The changes were even more pronounced in Tamerlan, who became increasingly aggressive about his Islamic views, and even gave up boxing for the sake of religion.

Turning to extremes

Their father, Anzor, was not comfortable with these changes in his wife and son: he grew so frustrated, he eventually left home. The marriage broke down. Both parents returned to Dagestan, leaving their children in the United States.

Abdullah Duduyev, editor of the Caucaus-based magazine Dosh, told Reuters the breakdown of the family model had created a dangerous vacuum. “The traditional Chechen family model makes the father the absolute head of a family. In case the father is away, the older brother runs the affairs.”

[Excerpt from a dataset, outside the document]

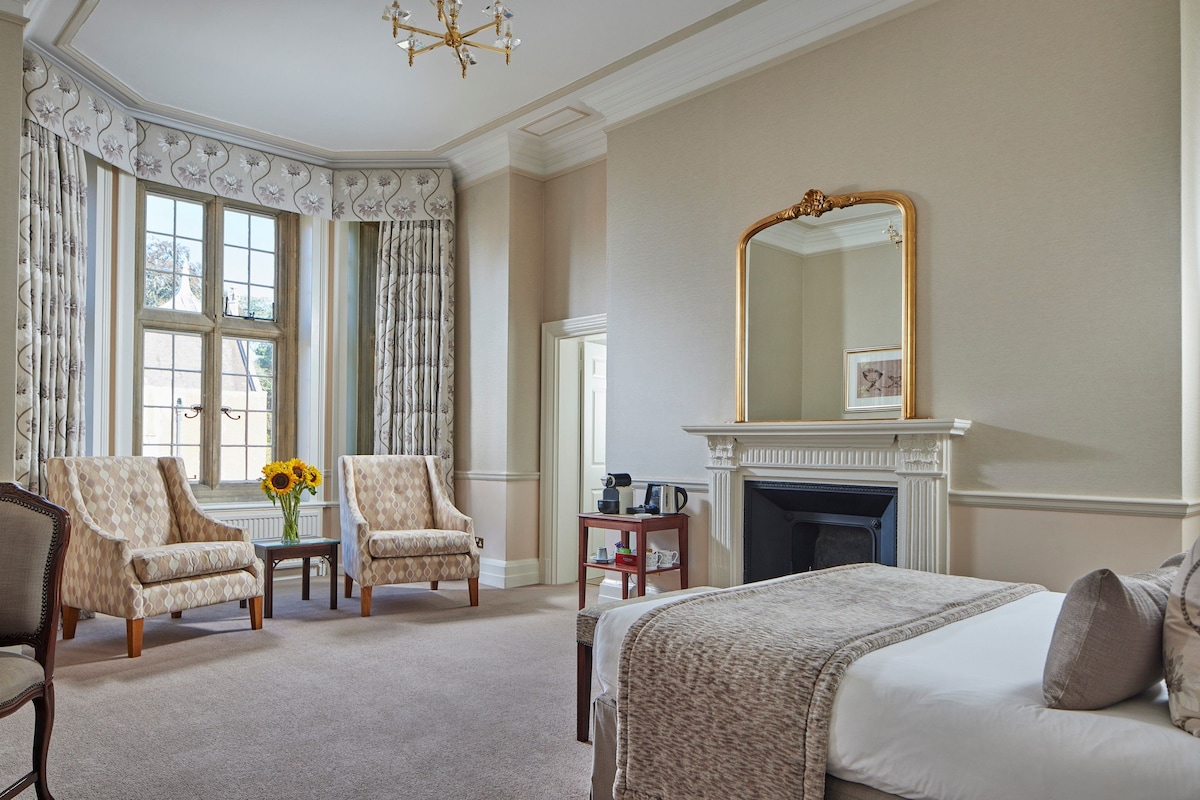 A hotel room with a large bed, two armchairs, a small table with a vase of sunflowers, a fireplace, and a large mirror.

Their aunt, Pateimat Suleimanova, said Tamerlan’s influence over the rest of the family had grown. “Nowadays the children study Islam and teach their parents, and that’s exactly how it turned out with him.”

The all-American girl he had met in a Boston nightclub, Katherine Russell, who had been raised in Rhode Island by a quiet, Christian family, dropped out of college, converted to Islam, began wearing a veil.

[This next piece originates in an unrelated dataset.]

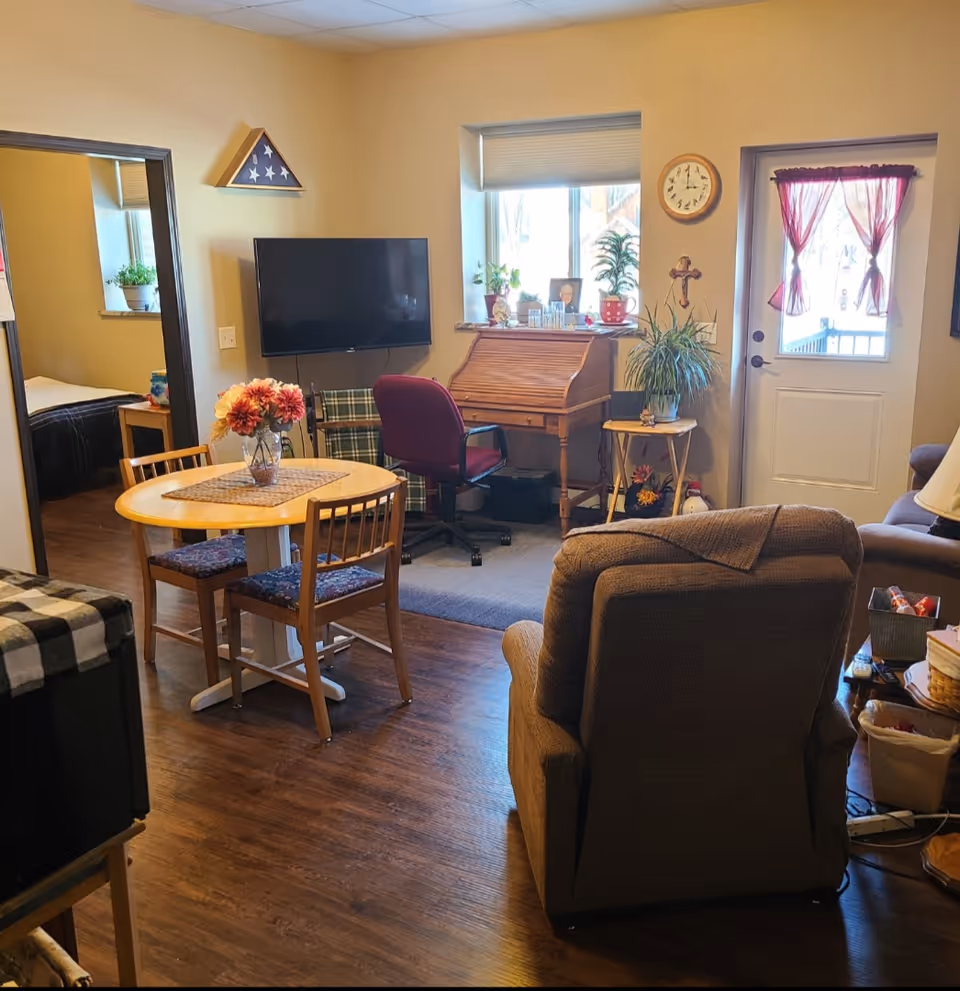 Interior living area with a recliner, small dining table, wall-mounted TV, desk, and a door with a window.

Meanwhile the father, who insisted “I’m sure about my children, in their purity”, was thousands of miles away and had not seen them for more than a year. Their mother, who told Channel 4 News today “I never raised my kids bad”, may have been the source of their radicalisation.

For the Tsarnaev brothers, though, there was no family horror story, no violence, no history of abuse. Just fragments of disjointed, unsettled lives that no-one could have predicted would end in such tragic events.